I have this belief that perfection in Chopin’s nocturnes was achieved in the recordings of Arthur Rubinstein and few others. Which reveals another facet of my fraudulent thinking. I’ve let myself be a victim of the dance-with-the-girl-you-came-in-with phenomenon, believing that the first recording I got to know of a particular piece was the true and only one. I try not to admit that, especially to myself. It didn’t hurt that I was listening to Rubinstein and Toscanini and Heifetz. I learned some great interpretations. Or maybe it did hurt: I became obsessed with precision.
Even that comes with its own set of blinders. Recently I re-listened to a number of Heifetz recordings, issued in a now-out-of-print box set of almost all of his output, and noticed how painfully out of control he sounds in his final recital. He was 71 and had stopped concertizing a few years before. A TV special recorded two years earlier showed him in good form in some short pieces and the Bach Chaconne, but his performance of Bruch’s Scottish Fantasy was so below par that he wouldn’t allow it on the LP that followed.
But here he was trying to come to grips with the Franck sonata, ultimately suffering a bit of train wreck in its final moments. Throughout the recital his bow control is dodgy and his finger-slips are many. Yet when I first listened to the LP set, I heard none of the flaws. I couldn’t bear to.
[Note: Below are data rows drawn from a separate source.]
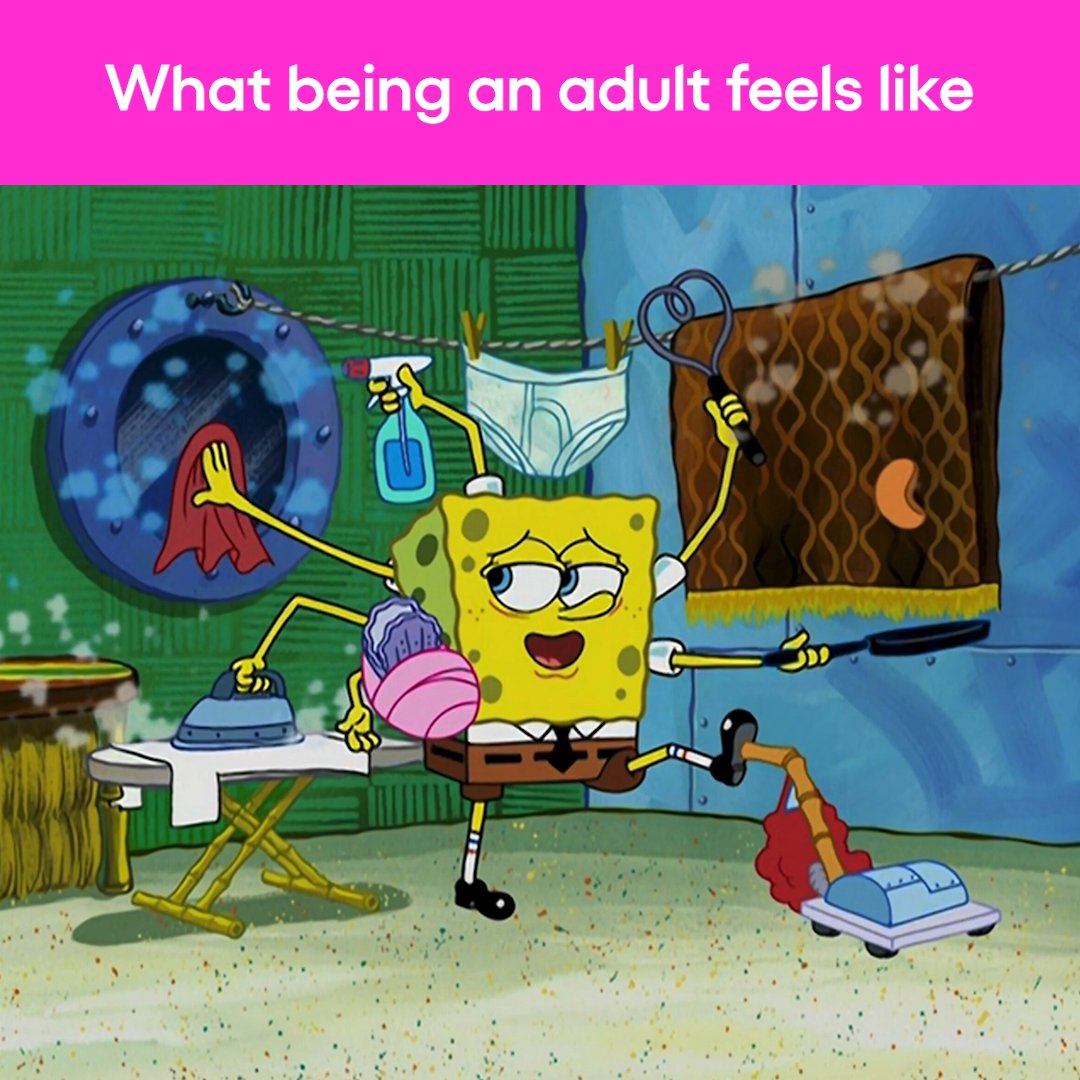 Where can I put in my resignation for adulthood? Watch SpongeBob SquarePants for free on Nick Pluto TV channel. . #PlutoTVca #StreamNowPayNever #Adulting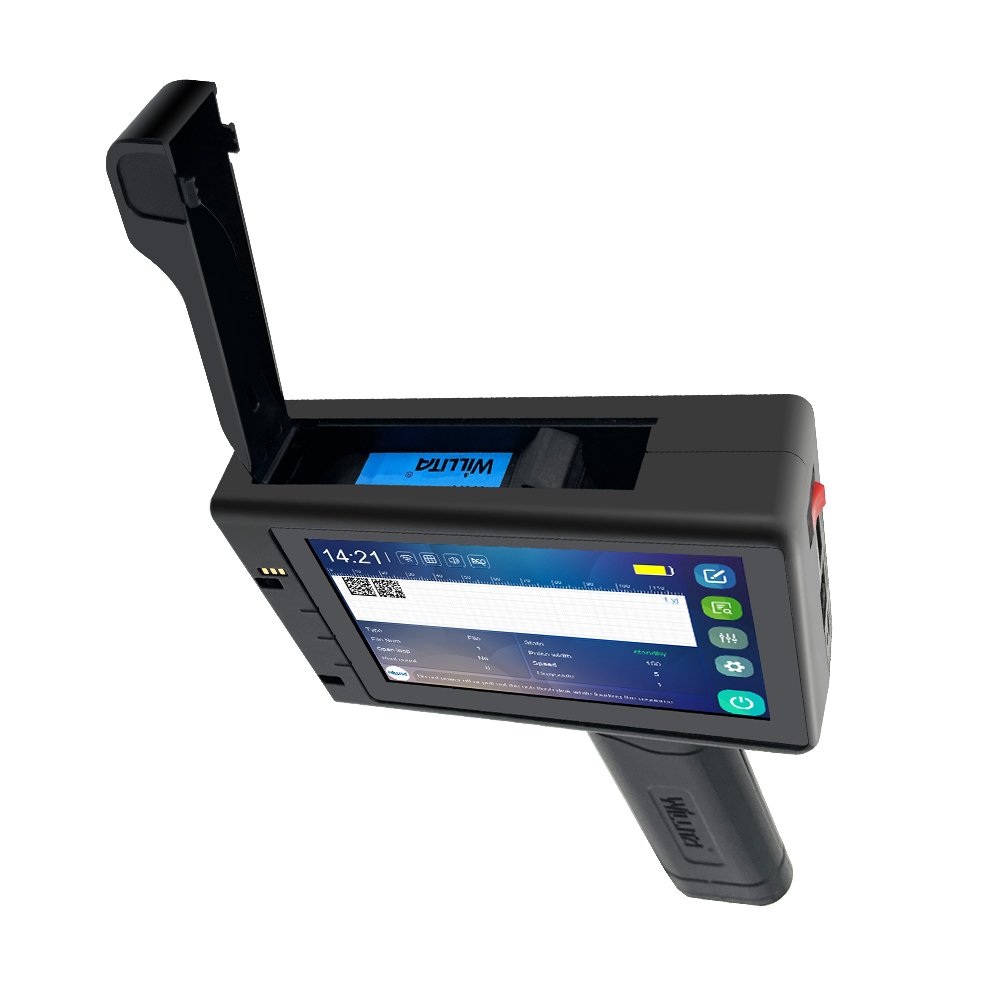 Handheld Inkjet Printer Portable Date Coding Printer Automatic Numbering Machine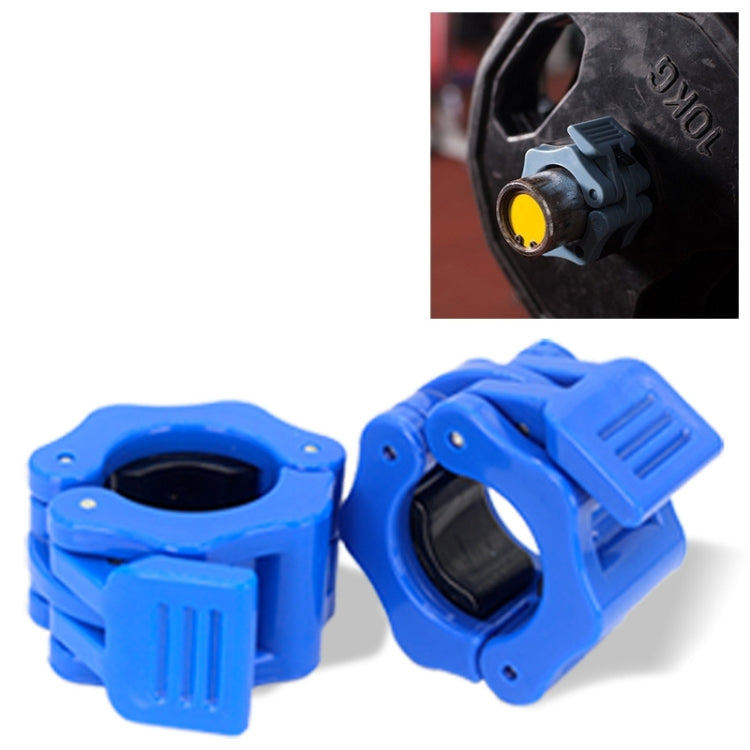 Fast Austrian Bar Chuck Lock Barbell Plastic Buckle, Diameter: 30mm (Blue) - Fitness Equipments by PMC Jewellery | Online Shopping South Africa | PMC Jewellery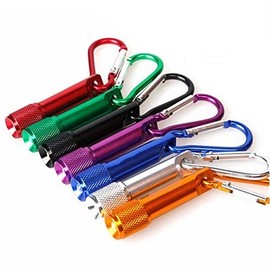 OFKPO 7 PCS Mini LED Keychain Flashlight with Carabiner LED Pocket Torch, Small Keyring Torches Flashlight for Hunting, Camping, Hiking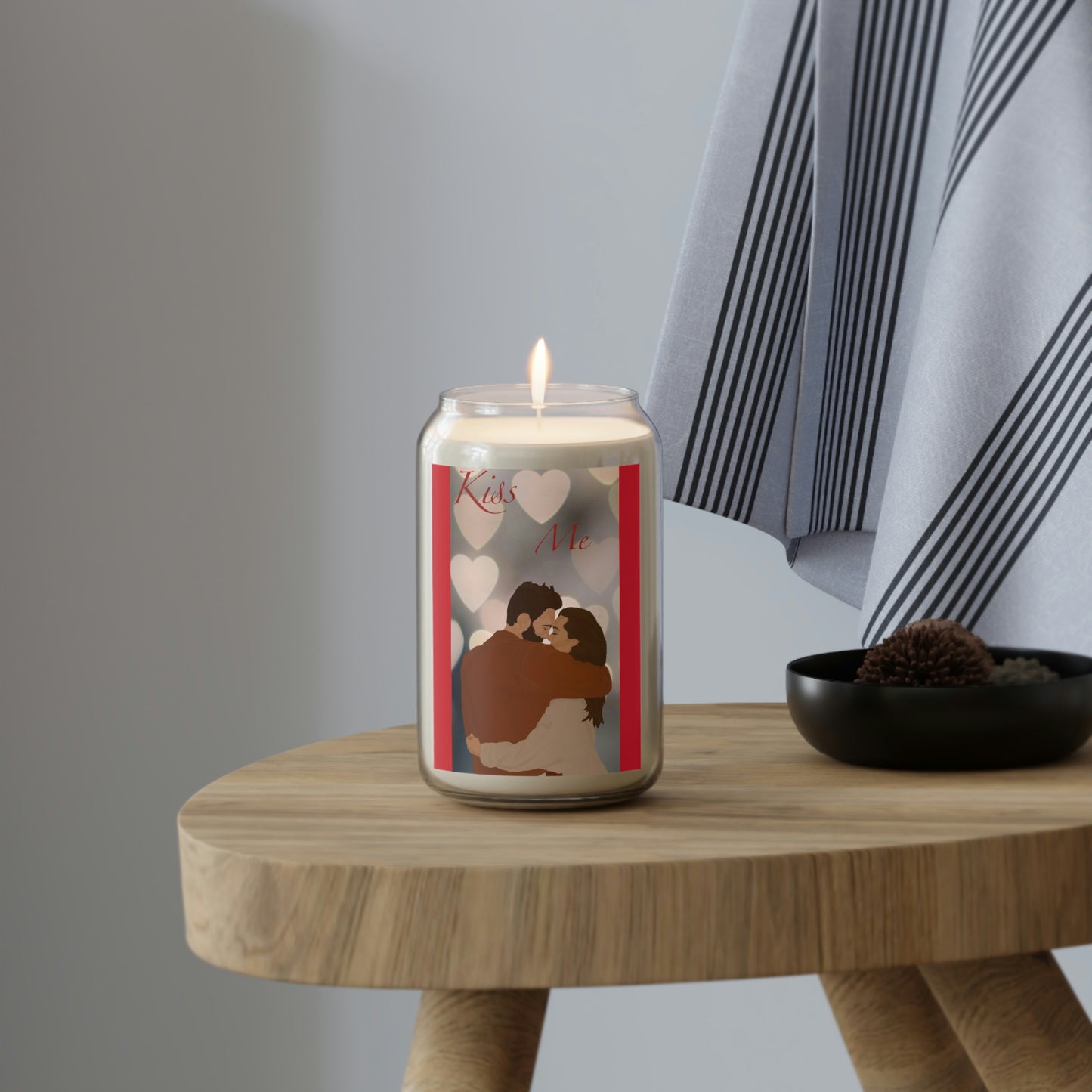 (KISS ME! Valentine’s Day) 70-80 HOUR, Soy Scented Candle, 13.75oz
Many years of writing about restaurants has taught me that the finest meals often have little to do with how well the food is prepared. If you’re making sheep’s eyes at a comely companion in a dimly lit room and you’re getting smoldering glances in return, you’ll also find ambrosia in that burnt moussaka.
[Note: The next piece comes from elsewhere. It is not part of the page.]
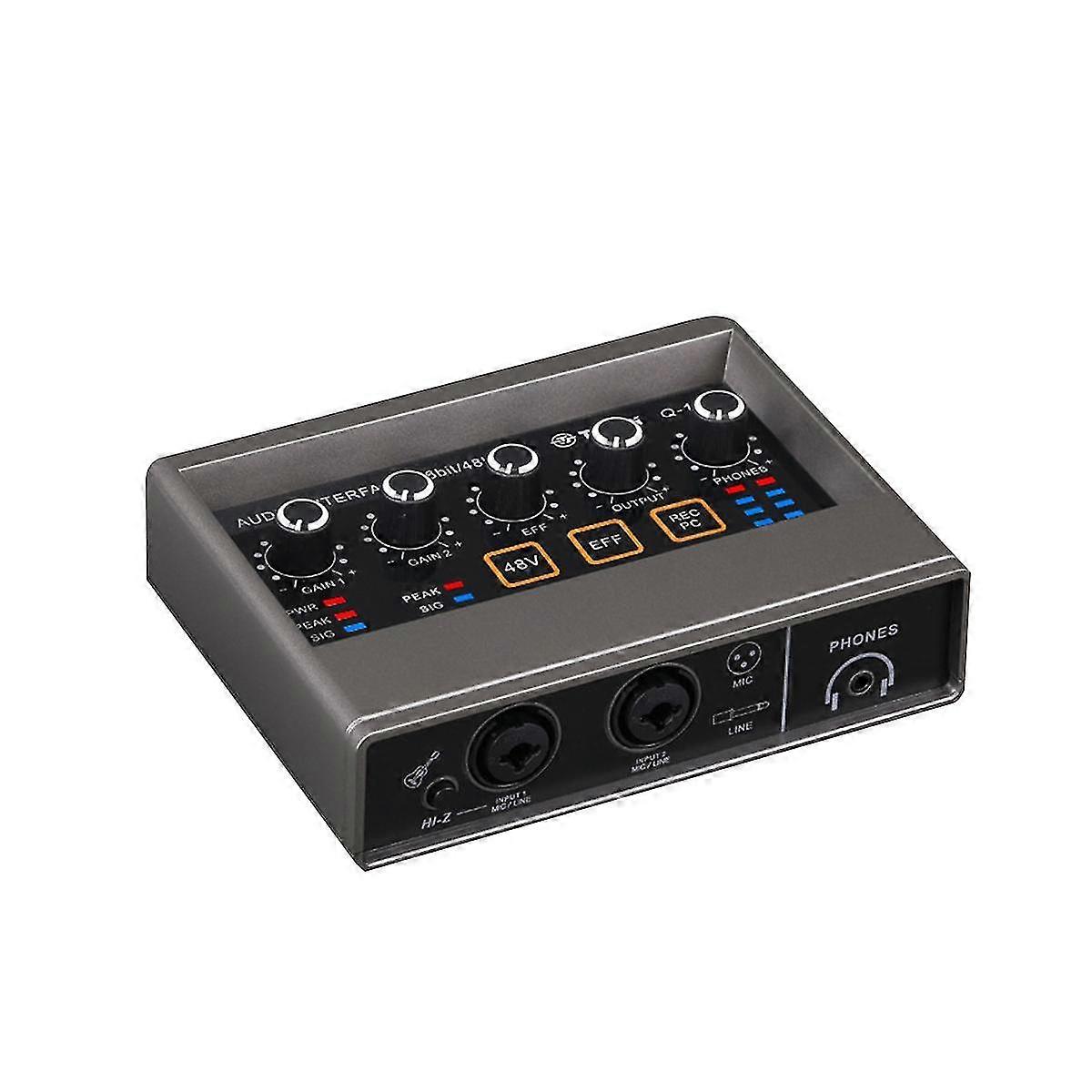 Q16 Microphone Recording Sound Card Usb Sound Card Audio Mixer Microphone Live Recording K Song-haoyi
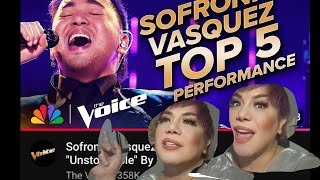 WINNER  SOFRONIO VASQUEZ REACTION VIDEOTHE VOICE USA 2024 [upl. by Eslud]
Feltsman’s “Pictures” began with such a thunderous Promenade that I feared he’d stormed in to tear the pictures off the wall – it’s marked “forte” in the score, and I’d call what Feltsman did “fortississimo.” Taken in context, however, this took place just after intermission, with stragglers still struggling into their pews, and he needed to persuade the muttering sonsabitches to shut the hell up. Can’t criticize him for that!
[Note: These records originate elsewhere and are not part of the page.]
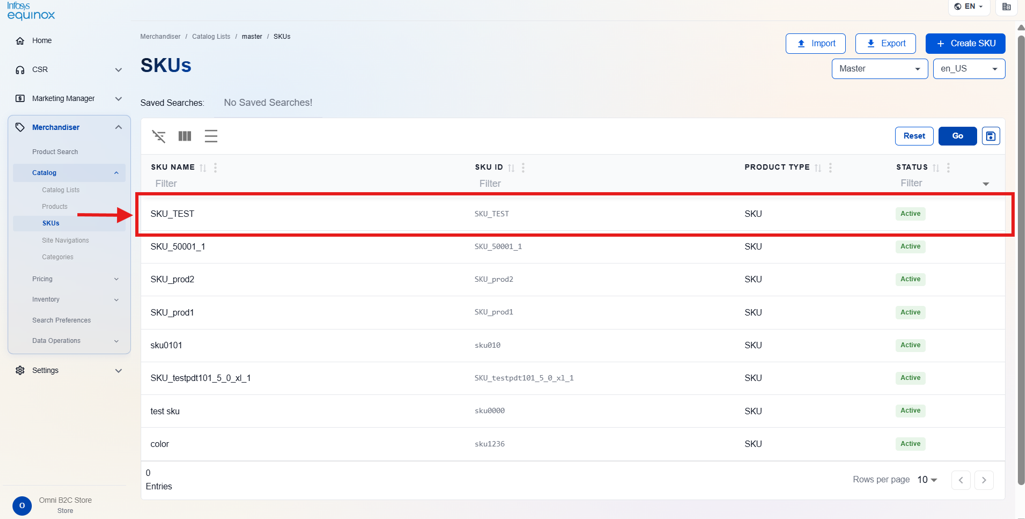 Editing a SKU — screenshot 1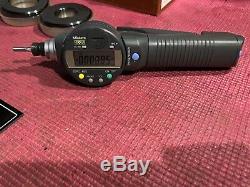 MITUTOYO DIGITAL BOREMATIC INSIDE MICROMETER 1.0 to 2.0 Inch W 2 Rings P50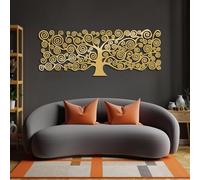 Decorazione murale in Metallo dorato con Albero Della Vita, Grande decorazione murale astratta in Metallo, decorazione artistica con Albero Della Vita, scultura Moderna per soggiorno, Came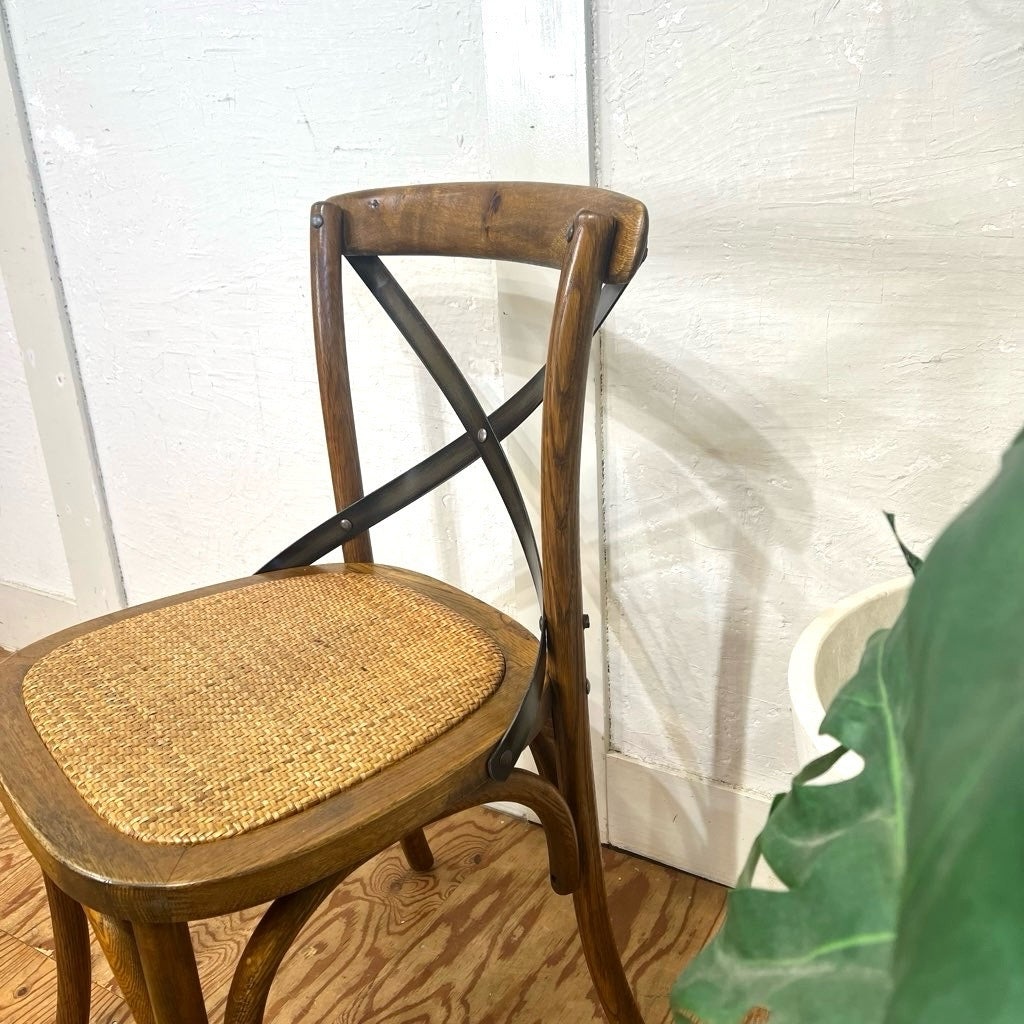 クラッシュゲート /  CRASH GATE ノットアンティークス / Knot antiques クロスバック ダイニングチェア  中古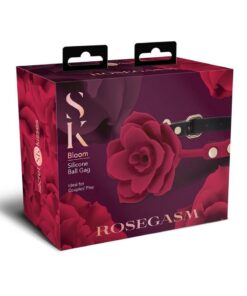 Secret Kisses Rosegasm Bloom Silicone Mouth Gag - Red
Of course they roared to their feet at the close of the piece. The Capital Region indiscriminately showers ovations like parade confetti. In this case, it was well deserved. It went on and on. And when Feltsman finally returned to the piano and thundered out the opening notes of the Chopin, that gesture, too, did the needed business of shutting up the crowd. The loose-limbed performance that followed brought tears to my eyes. Afterward, my wife, who is a great fan of Chopin’s music, said she wished Feltsman had quit after the Mussorgsky. I didn’t dare tell her how I felt about it.